[Short web captions]
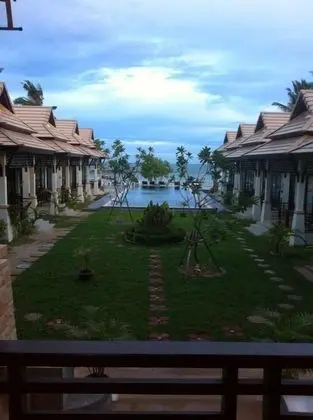 POOLSAWAT VILLA - Dış Mekan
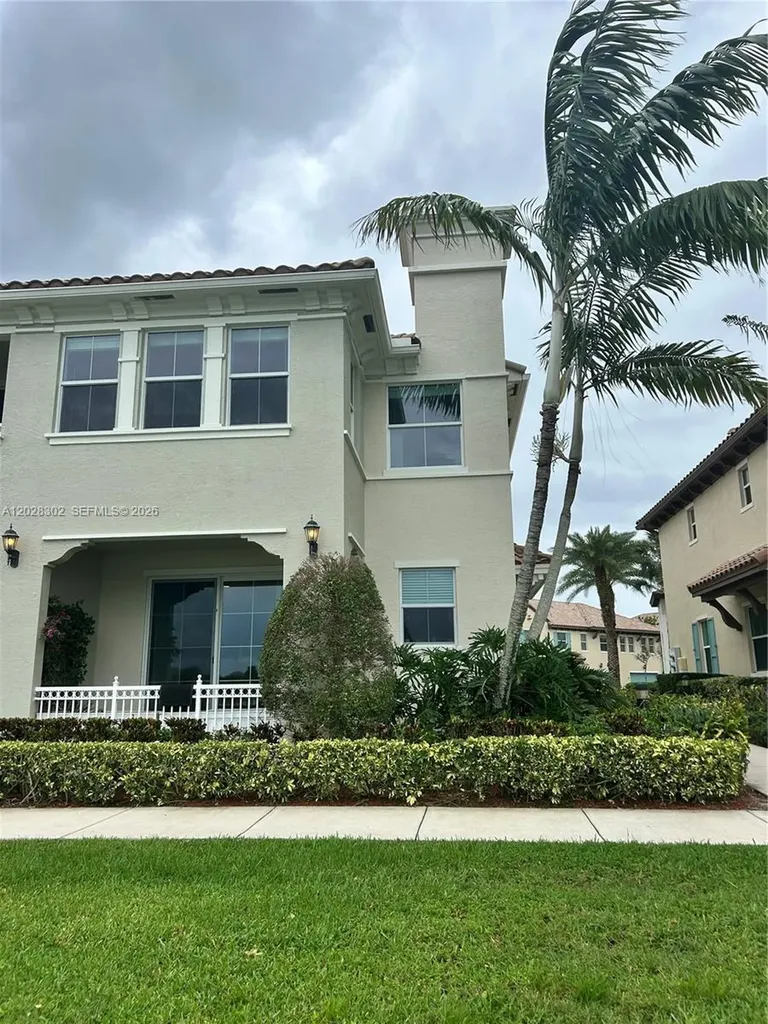 3057 Tortola Way Hollywood FL 33024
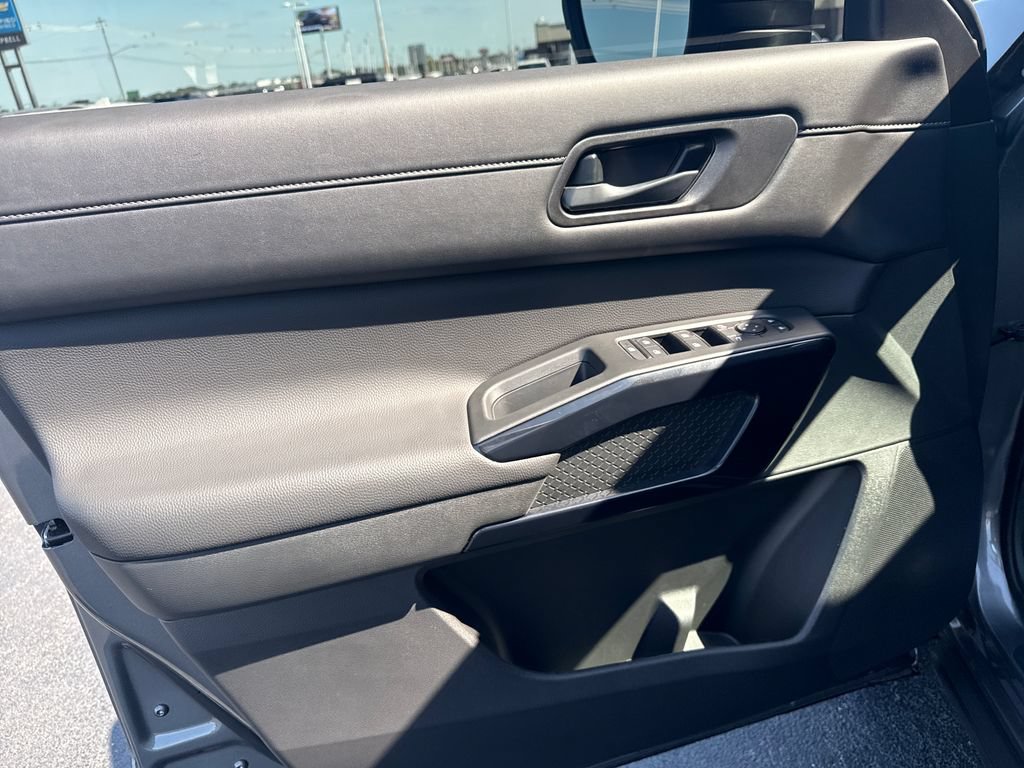 Used 2026 Nissan Pathfinder SV w/ SV Premium Package FWD image 12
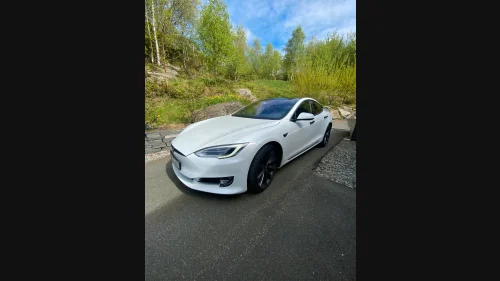 TESLA Model S 75D
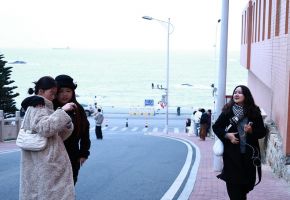 寒假石獅旅游熱 外地大學(xué)生紛至沓來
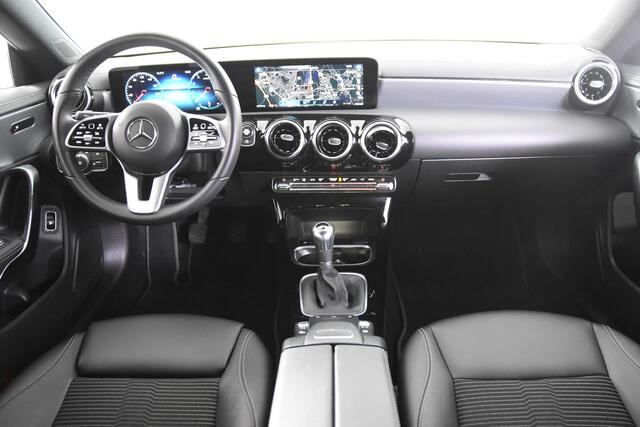 Mercedes-Benz CLA-KLASSE 180 SB *1ste Eigenaar*Leer*Navigatie*Stoelverwarming*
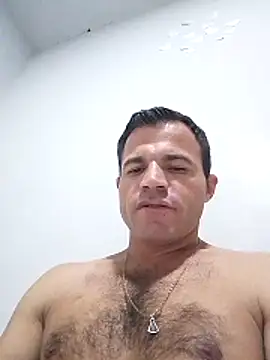 Snapshot of Claudiokkkkk chatting on November 21, 2025, 12:21 am Claudiokkkkk online show from November 21, 2025, 12:21 am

About this task -> The expected output is every line of the data, unchanged, with the pictures skipped.

Answer section ->
 POOLSAWAT VILLA - Dış Mekan
 3057 Tortola Way Hollywood FL 33024
 Used 2026 Nissan Pathfinder SV w/ SV Premium Package FWD image 12
 TESLA Model S 75D
 寒假石獅旅游熱 外地大學(xué)生紛至沓來
 Mercedes-Benz CLA-KLASSE 180 SB *1ste Eigenaar*Leer*Navigatie*Stoelverwarming*
 Snapshot of Claudiokkkkk chatting on November 21, 2025, 12:21 am Claudiokkkkk online show from November 21, 2025, 12:21 am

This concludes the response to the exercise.